76ers' Keys to Avoiding Elimination vs. Hawks in Game 6 of 2021 NBA Playoffs
76ers’ Keys to Avoiding Elimination vs. Hawks in Game 6 of 2021 NBA Playoffs

Twice the Philadelphia 76ers have had a chance to take a stranglehold of their Eastern Conference Finals series against the Atlanta Hawks. Twice the Sixers have failed to capitalize on that opportunity.
On Monday night, they held a 2-1 series lead and took a 13-point lead into intermission. But the offense stalled, a hobbled Joel Embiid disappeared and that advantage evaporated over the final 24 minutes of what became a 103-100 triumph for the Hawks.
On Wednesday, history repeated itself—in even more dramatic fashion. This time, the Sixers failed to protect a 26-point lead, mustering nothing over the final four minutes of regulation beyond a two-point shot by Seth Curry with 0.1 seconds remaining. By that time, Philadelphia's collapse was already complete, and Atlanta escaped with a 109-106 road win.
Now, it's back to The A, where Philadelphia suddenly finds itself just 48 minutes away from elimination. It's win-or-go-fishing multiplied by two, and for the Sixers to force a winner-take-all Game 7, the following three things must happen.
Feed Embiid

It says plenty about Philadelphia's tenuous position that its foundation is a 7-footer with a partially torn meniscus. But even a less-than-full-strength Embiid can be spectacular, as he has been for much of this series.
In Games 1 through 3, he averaged 35.3 points, 10.3 rebounds and 2.3 blocks. In Game 5, he cleared each of those marks with 37 points, 13 boards and four rejections. In between, he hobbled through a rough Game 4 in which he shot just 4-of-20 from the field and misfired on all 12 of his second-half shots. But even then, his final line featured 21 boards and 17 points.
He's a walking mismatch with a plethora of post moves and a soft shooting touch that reaches out to the three-point line. Hawks center Clint Capela is no slouch on defense, but even he's been rendered mostly powerless against Embiid.
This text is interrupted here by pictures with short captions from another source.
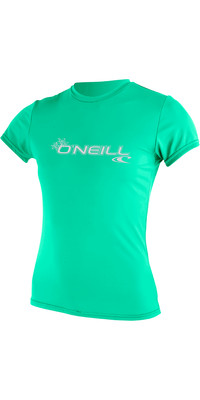 2024 O'Neill Womens Basic Skins 50+ Short Sleeve Sun Shirt 3547 - Seaglass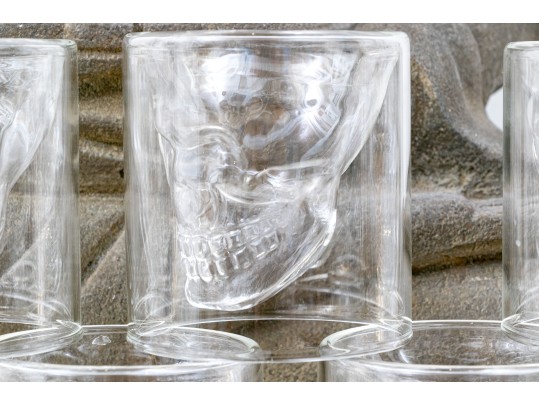 Fabulous Set Of Nine Moulded Glass Skull Tumblers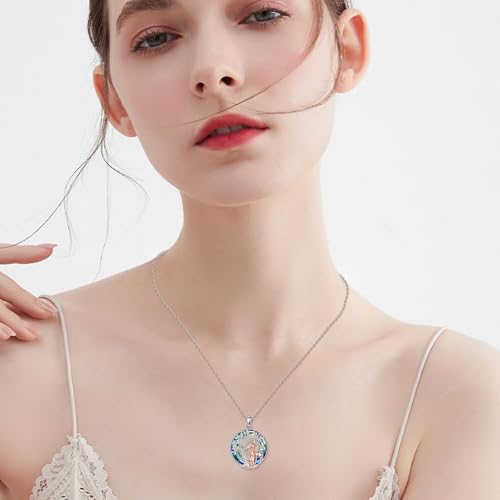 YFN Tree of Life Necklace Sterling Silver Crystal Jewelry Graduation Birthday Gifts for Women - color: Paint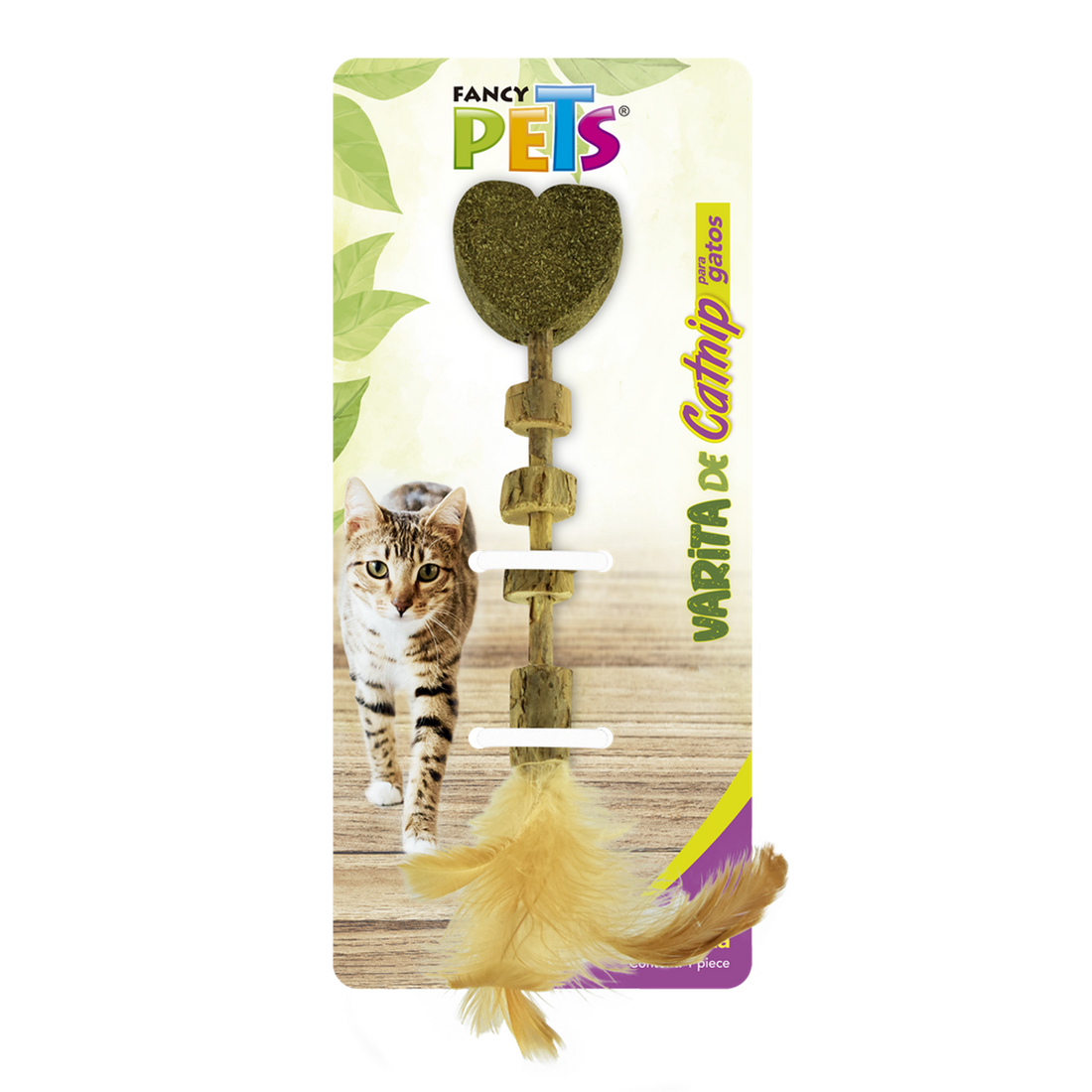 Fancy Pets juguete para gato varita con catnip corazon pluma | G.Valkyria - imagen 1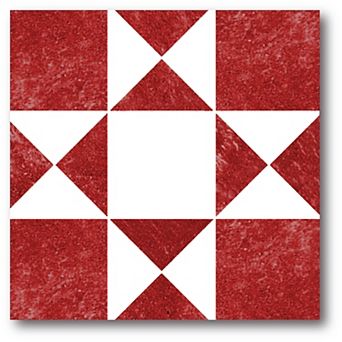 COURTSIDE MARKET True Red Faux Quilt Square Canvas Wall Art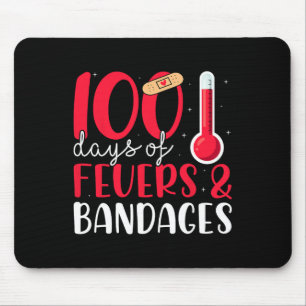 100 Days Of Fevers Byndages Nurse 100th Day Of Sch Mouse Mat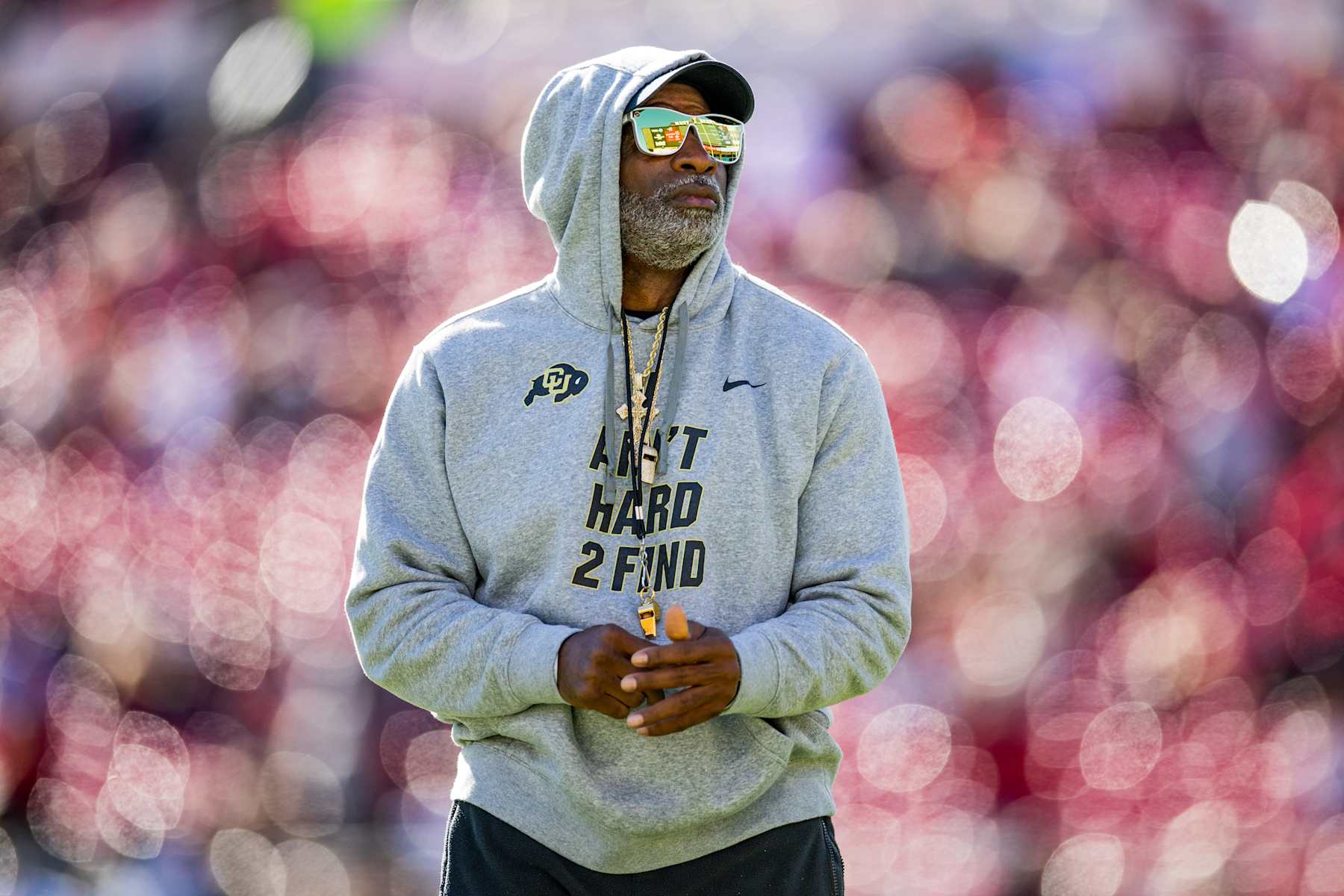 LUBBOCK, TEXAS - NOVEMBER 09: Head coach Deion Sanders of the Colorado Buffaloes walks across the field before the game against the Texas Tech Red Raiders at Jones AT&T Stadium on November 09, 2024 in Lubbock, Texas. (Photo by John E. Moore III/Getty Images)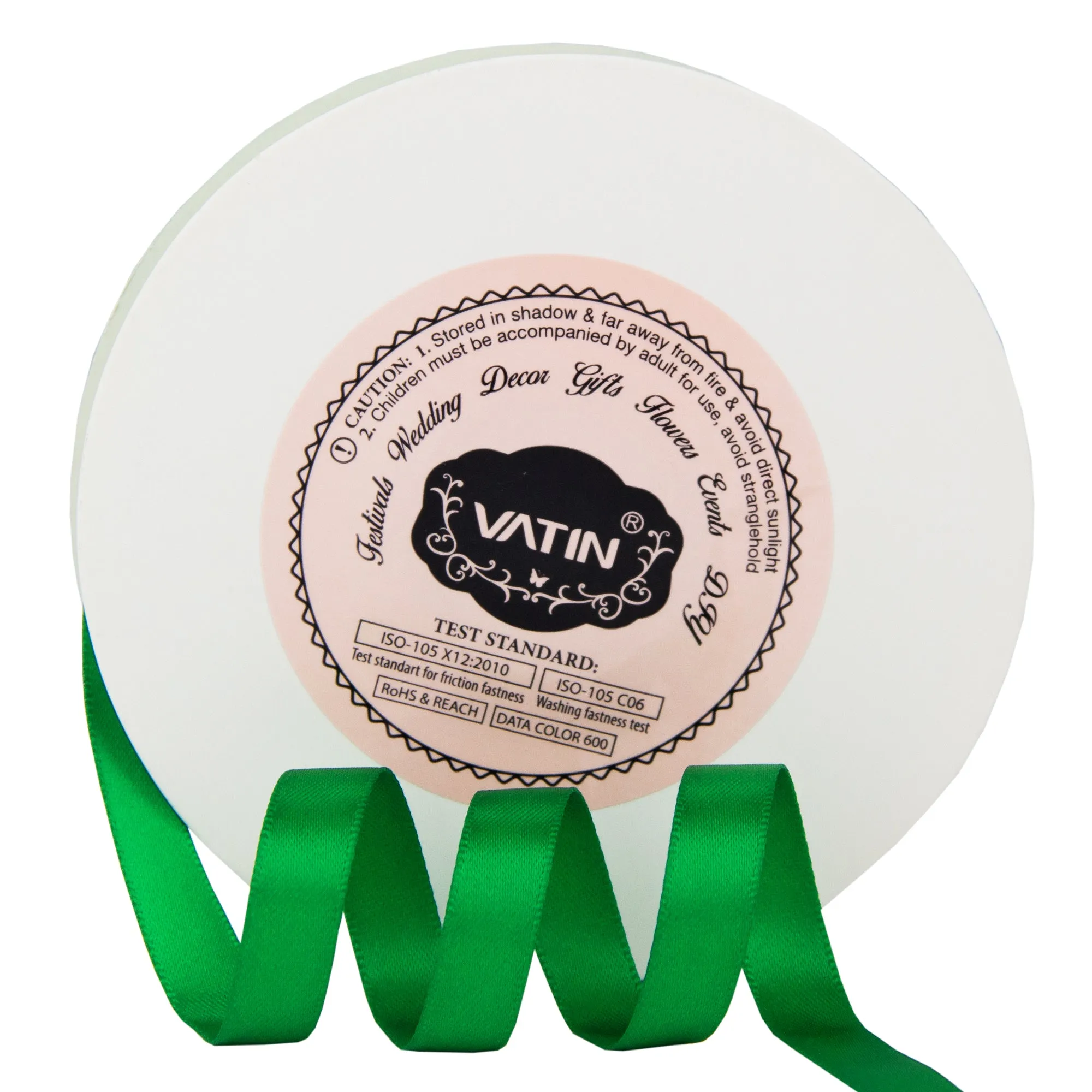 VATIN 3/8 inches Double Faced Vanilla Polyester Satin Ribbon - 50 Yards for Gift Wrapping Ornaments Party Favor Braids Baby Shower Decoration Floral Arrangement Craft Supplies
The Sixers need to squeeze everything they can out of their All-Star center to live to fight another day.
Find Support Scoring

When Philly's offense is rolling, there are layers to this attack.
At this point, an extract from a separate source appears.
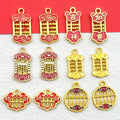 Red Lucky Charm and Abacus Metal Charms with 11 Listed Options view 1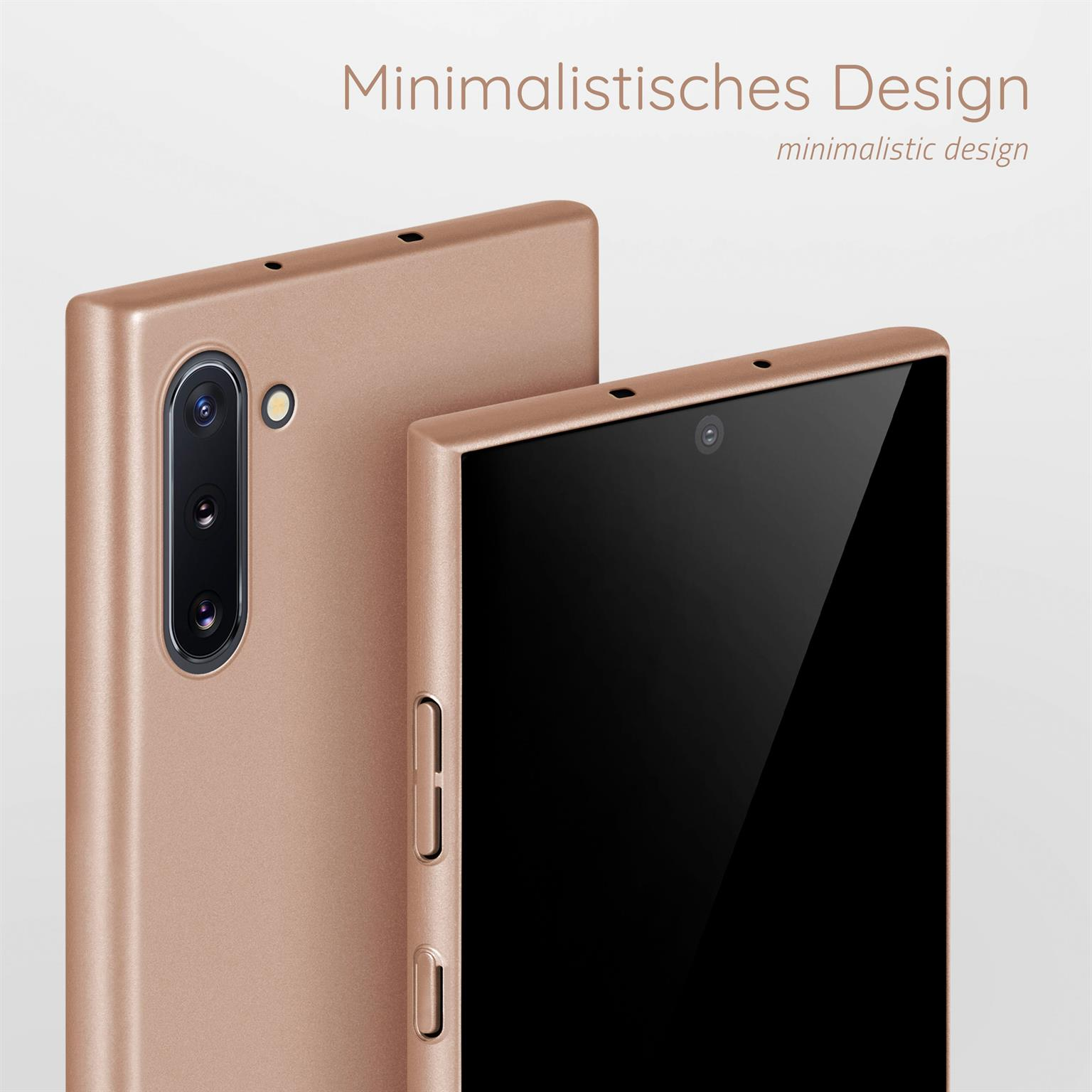 Zwei roségoldene Handyhüllen nebeneinander. Eines zeigt die Kamera, das andere ist schlicht.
It's always Embiid-focused (as it should be), but Tobias Harris is dancing around defenders in isolation, Ben Simmons is hard-charging to the rim and shooters like Seth Curry are shredding nets from three. But in Game 5, the offense devolved into Embiid-Curry-or-bust. The other eight Sixers who saw the floor combined to score just 33 points on 10-of-36 shooting (27.8 percent).
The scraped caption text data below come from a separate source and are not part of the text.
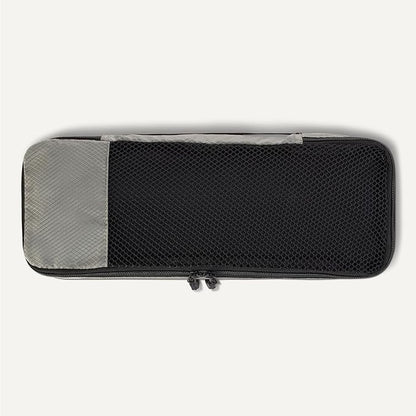 Amazon Essentials 4-Piece Packing Cubes Travel Accessories Set, Luggage Organizer with Double Zipper, Mesh Top, 100% Polyester, Slim, Gray (Previously Amazon Basics)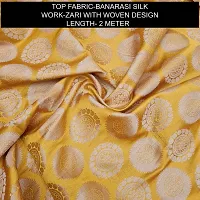 Elegant Yellow Banarasi Silk Jacquard Suit Dress Material without Dupatta For Women-thumb1
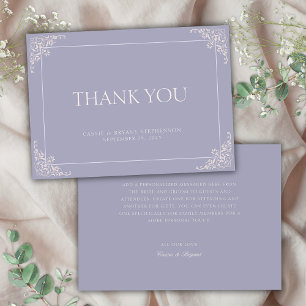 Carte De Remerciements Simple Élégant Français Lilac Regency Mariage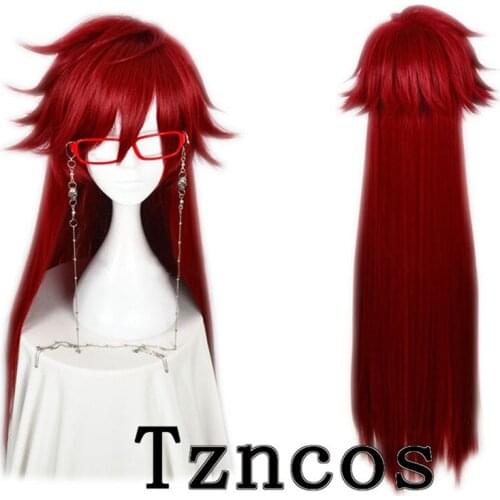 Tzncos Red Long Straight Fashion Party Anime Cosplay Wig Heat Resistant Synthetic Hair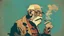 Placeholder: Old man smoking comic style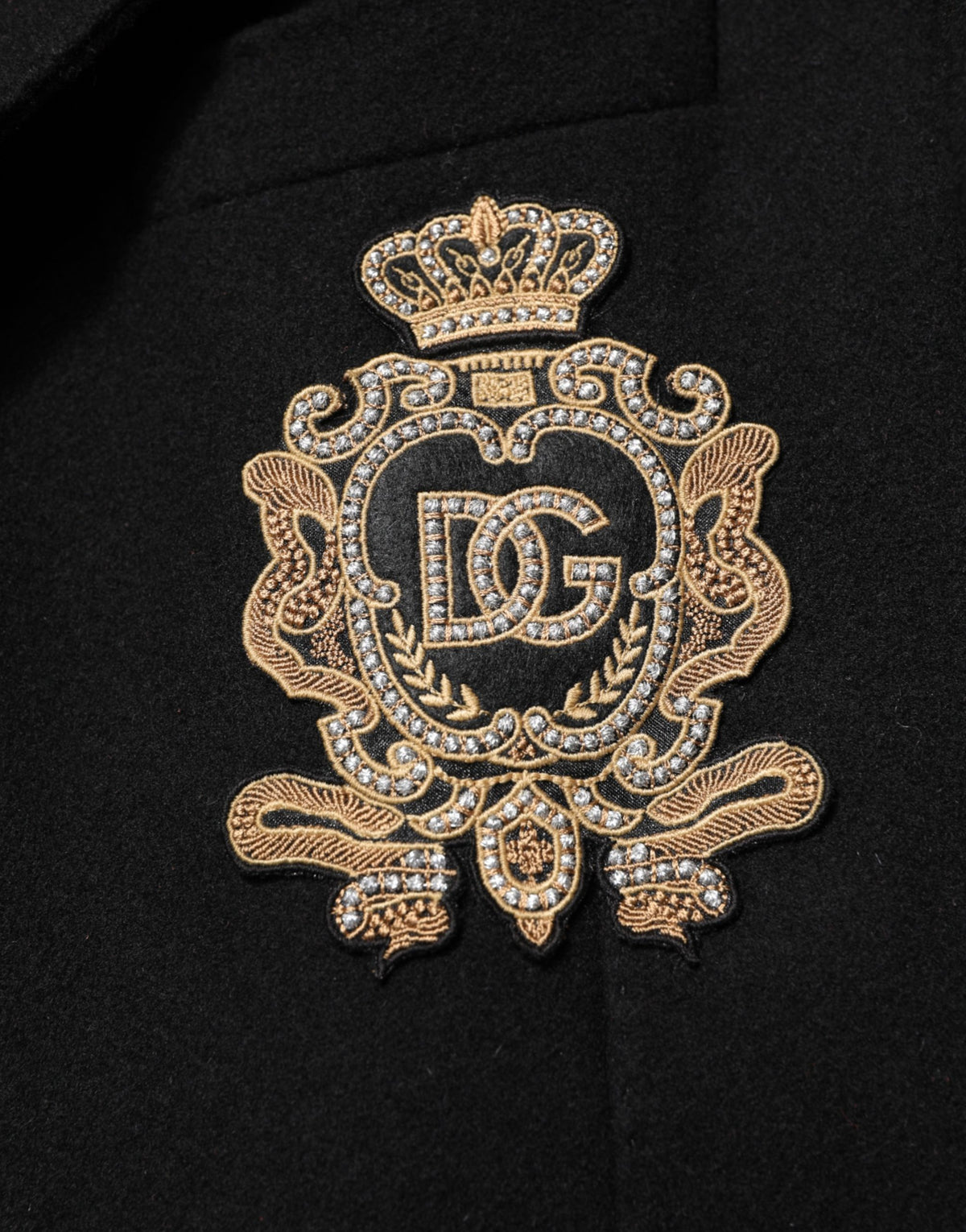 Dolce & Gabbana Men's Single Breasted Virgin Wool Viscose & Nylon Trench Coat - Black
Philadelphia has to know this isn't a winning formula. While Embiid may well deliver another 37 points (or more), the Sixers cannot count on getting 36 points out of Curry again. He played 57 games in the regular season and didn't reach 30 points once.
Harris (4 points, 2-of-11) has to find some soft spots in an Atlanta defense that ranked just 18th in efficiency, per NBA.com. Simmons might have a serious case of the yips at the foul line (4-of-14 on Wednesday, 8-of-25 the first four games), but he can't play this passive on offense (four shots in 38 minutes). And with Danny Green shelved by a right calf strain, the Sixers must identify a reliable shooting source between Furkan Korkmaz, Shake Milton and George Hill, who went a combined 4-of-17 in Game 4.
Keep the Gas Pedal Floored

Game 6 is set for a 7:30 p.m. ET tip in Atlanta on Friday night. Sixers skipper Doc Rivers may not sleep a wink between now and then.
He has the more talented team in this series. He has the best player in this series. He had home-court advantage in this series. His club had an 18-point lead in Game 4 and a 26-point edge in Game 5 and couldn't protect either one.
That's inexcusable.
The Sixers can't get comfortable—not on offense, not on defense and not with their approach. No lead is too big to blow, and Philadelphia needs to know that by now.
Throw the kitchen sink at Trae Young and get the ball out of his hands. Move around on offense. Push the tempo when the opportunity arises. Make open shots when they're there. Pray to the basketball gods that Simmons suddenly becomes competent at the charity stripe.
Something's gotta give, and that something can't keep being big leads for Philly.